I mean, there's a few things you can do to help. When she jumps on you, ignore her. She doesn't get attention until all four paws are on the floor. You can put your dirty clothes away where she can't reach them. Get her a bed of her own and reward her for using it.

But, yeah. You're just going to have to decide what you can and can't deal with, because the dog is part of your boyfriend's life and is unlikely to change much without his approval...


----------



## PatriciafromCO (Oct 7, 2012)

Honestly if yall were in the same house.. Your boyfriend would most likely last a month or two on your rules,, then not apply them if you were not looking or there to see it... .. I see you working really hard and putting much thought into this am glad it is a distant future for you not to really have to come to terms with him not changing..


----------



## parus (Apr 10, 2014)

You might think about compromising on the furniture and choosing, say, one sofa (perhaps an especially sturdy one or with a slipcover on it) that the dog is allowed on. It takes a little more work with training than all-or-nothing but that's a pretty clever breed mix. That way your boyfriend can snuggle the dog while, say, watching TV, but you don't have to worry about pet hair and wear all over everything.

My dogs are also allowed to lick pans/dishes sometimes (I mean, why not, they're going to be thoroughly washed anyway) but they don't crowd people while eating.

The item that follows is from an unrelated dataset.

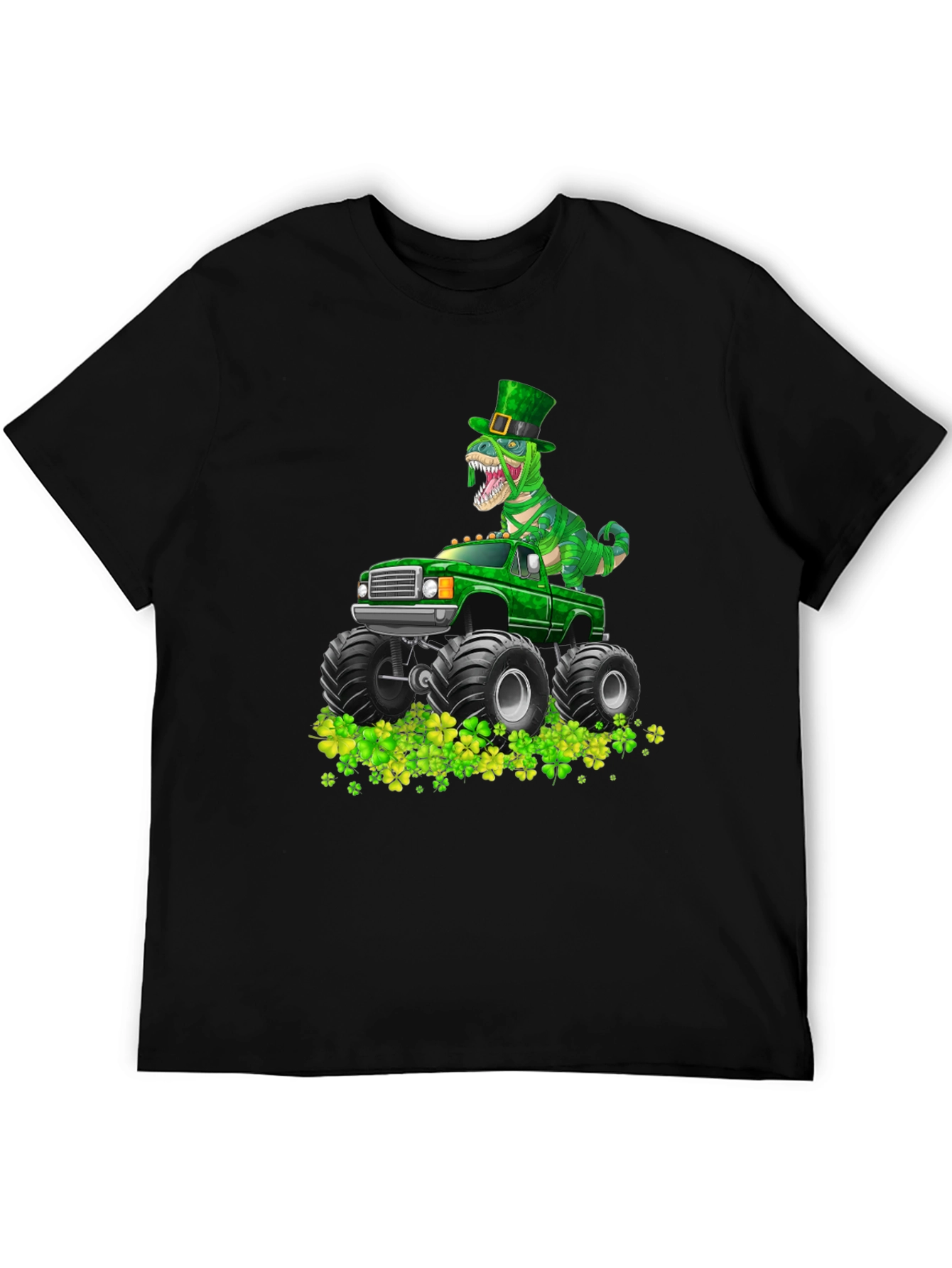 St. Patricks Day Dinosaur Monster Truck T-Shirt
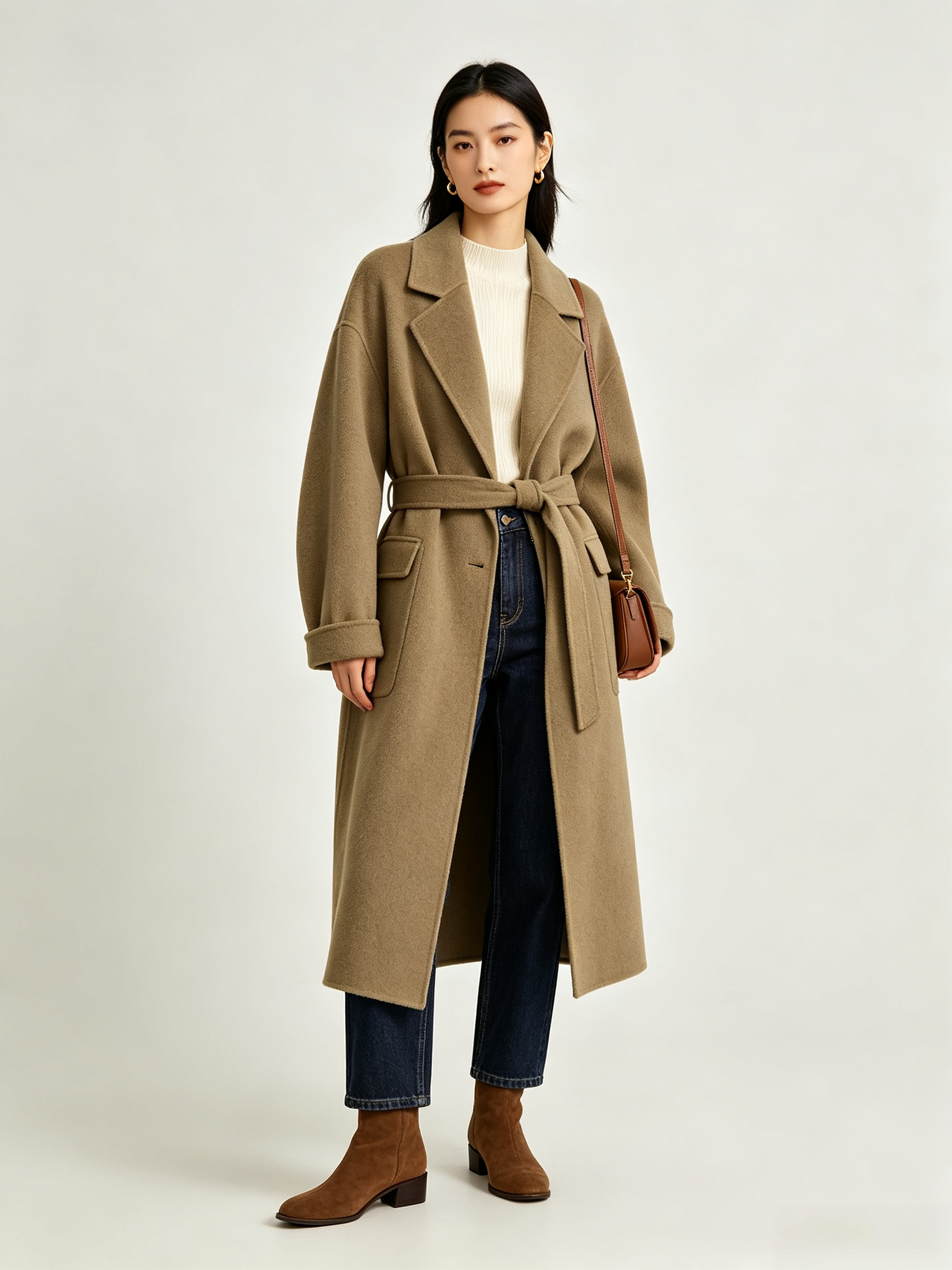 Oversized Brushed Belted Long Overcoat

I trained them with popcorn to lay a distance away when people have food. Basically I'd just toss them popcorn when they didn't beg, and not give them popcorn if they started crowding. It took a while but they're quite good about it now. A lot of people also like to teach dogs to "go to mat" or whatever on command; that combined with a good stay, being well-reinforced, could make mealtimes a lot nicer for you. And/or might give the dog a chew or a frozen stuffed kong while you eat, as a quick fix. (Such a distraction might also keep the dog occupied to give you more privacy with your boyfriend.)

As far as the "scolding" item goes, with dogs you just kind of have to keep tempting things put away. Get trash cans with lids and put dirty clothes in hampers in closets or whatever, that kind of thing. Dogs like smelly organic things. It's easier to just be tidy than to fight that battle every time you leave the dog unattended because once they get at the thing they want, that reinforces the behavior.

Basically I think there are a lot of ways you can makes the dog's behavior more pleasant for you, without laying down prescriptive rules for how your boyfriend interacts with his dog.


----------



## Kathyy (Jun 15, 2008)

I greet the dog by bending over and making a fuss. I used to hook a finger in the collar to hold the dog down if she wanted to leap in my face. Otherwise I use the disapproving nanny look - freeze and look away from the bouncy dog. It's more than just standing and looking away, I'm rigid in disapproval.

Did as Parus does and reward dog staying away as I eat or prepare food. My current dogs work for anything at all so get a lot of vegetable trimmings tossed as they stay away from the action in a particular spot. I don't allow plate licking though. Little dogs need to watch food intake! Bucky is particularly intense about food and in a single meal he was laying nicely at my feet while getting a single grain of rice every 10 seconds or so. You are going to need to take your food plate with you if you get up otherwise the dog is going to clean it up for you. 

Does the dog have a dog bed? That could help when you are home. Otherwise slipcovers help. I love them. Also train her to get on and off the sofa on cue using tiny treats as a first a lure then a reward for doing so. I didn't want my first dog on the sofa either but she was just so happy and comfortable on the furniture! My dogs love the dog beds, they are in all rooms of the house. I teach them to go to them on cue.

As for shedding get her to the groomer for shedding treatments when it's bad. Is she getting fish oil supplement? Sometimes that helps. I wash the dogs and take them for drying off walks. Every 5 minutes I stop and brush through the fur. My lab mix was a horrific shedder [she would leave crime scene outlines of fur on floor and furniture even if nobody petted her] and doing this cut back on hair in the house for a good week. A 5 minute brushout daily would help greatly.


----------